Perché invecchiando ti accorgi di quanto gli somigli, dentro e fuori. Un po’ come se fossero, appunto, figli tuoi. Perché in certe giornate ti sembra di cogliere un’incertezza nel loro passo, come in quella dei bambini che hanno appena imparato a camminare davanti ai tuoi occhi. Vorresti prenderli per mano, condurli sul morbido e tenerli sempre al sicuro. Ma non potrai farlo, come non hai potuto impedire ai tuoi figli di cadere e come tua madre e tuo padre, da tutta la tua vita, non hanno potuto sempre evitare che capitasse a te.

Perché, se sei davvero molto fortunato, li hai visti invecchiare insieme, la tua mamma e il tuo papà, diventare sempre più inseparabili eppure litigare per delle scemenze. Come bambini. Come i tuoi figli.

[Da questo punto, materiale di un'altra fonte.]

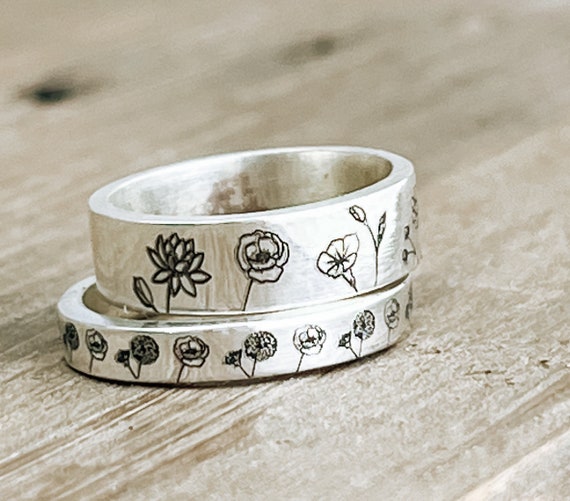 Birth Flower Personalized Ring Mother's Day Gift Gift - Etsy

Perché loro sono nonni, che è una cosa un po’ diversa dall’essere genitori. Più leggera, più innocente, più tenera. Li fa somigliare ai loro nipoti, letteralmente. Quando ridono insieme di una marachella, quando si beffano con affetto di un tuo rimprovero bonario. Quando fingono qualcosa che esiste solo nella loro fantasia. Quando credono davvero in qualcosa che non esiste, o forse sì. Perché loro sono la prova definitiva del fatto che l’amore fa dei giri immensi, ma torna sempre al punto di partenza. E che la vita ha senso solo per quello, perché ami forte qualcuno e qualcuno ama te.